Activity
Look below for the line that contains "Conjunto jersey cuello", then quote it and all the lines after it, exactly, with the pictures left out.

[Captioned web images]

● ● ●

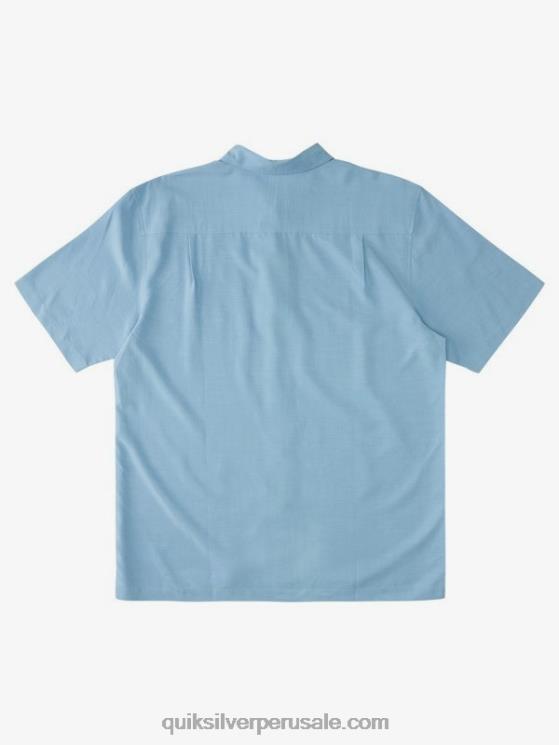 Quiksilver N8LNT870 hombres azul anochecer camisa antiarrugas premium waterman tahiti palms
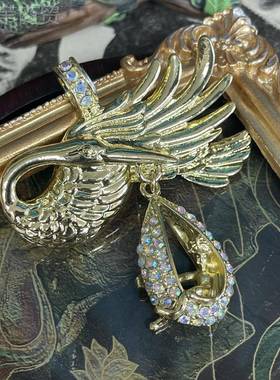 蜜南】 Vintage新捷克钻古镶鹤嵌【中风时69735尚高级风磁吸仙造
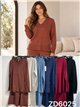 Conjunto jersey cuello pico y pantalón wide leg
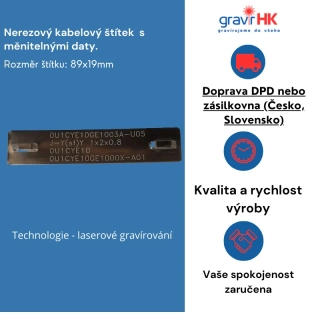Nerezový kabelový štítek 89x19 mm s laserovým gravírováním.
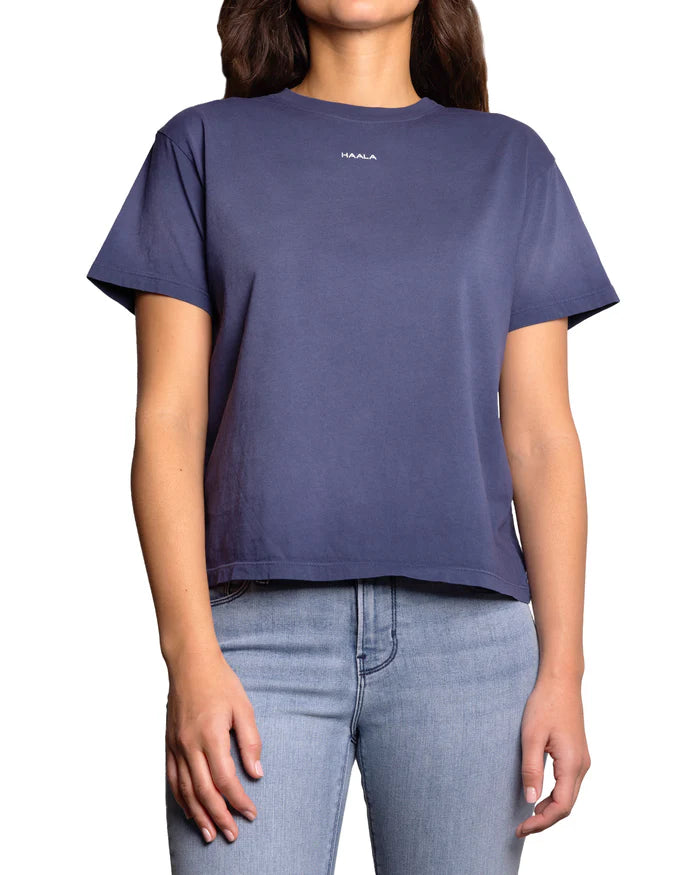 RELAXED CREW T-SHIRT : VINTAGE FADED BLUE HAZE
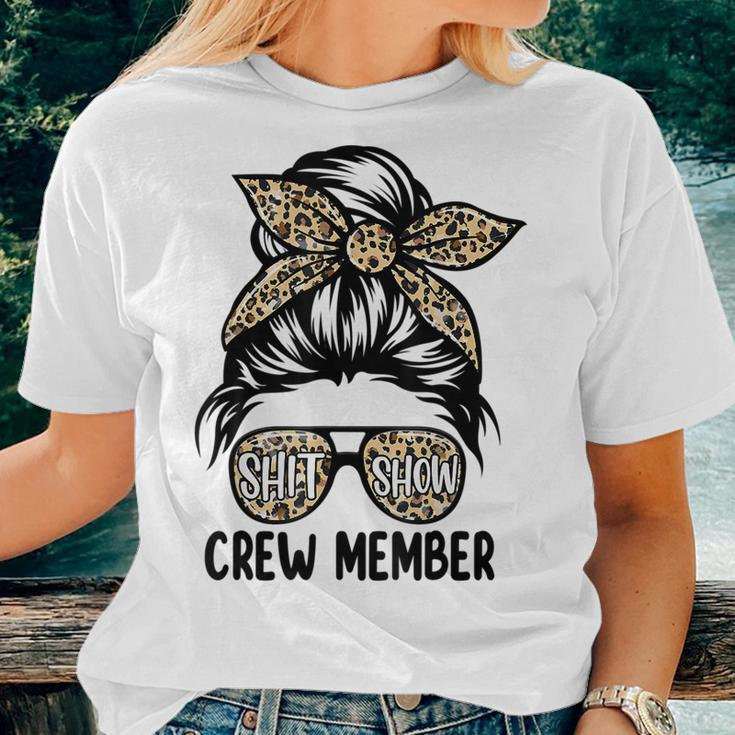 Women Shit Show Crew Member Messy Bun Manager Or Supervisor Women T-shirt Short Sleeve Graphic Gifts for Her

● ● ●

Written response
 Conjunto jersey cuello pico y pantalón wide leg
Nerezový kabelový štítek 89x19 mm s laserovým gravírováním.
 RELAXED CREW T-SHIRT : VINTAGE FADED BLUE HAZE
 Women Shit Show Crew Member Messy Bun Manager Or Supervisor Women T-shirt Short Sleeve Graphic Gifts for Her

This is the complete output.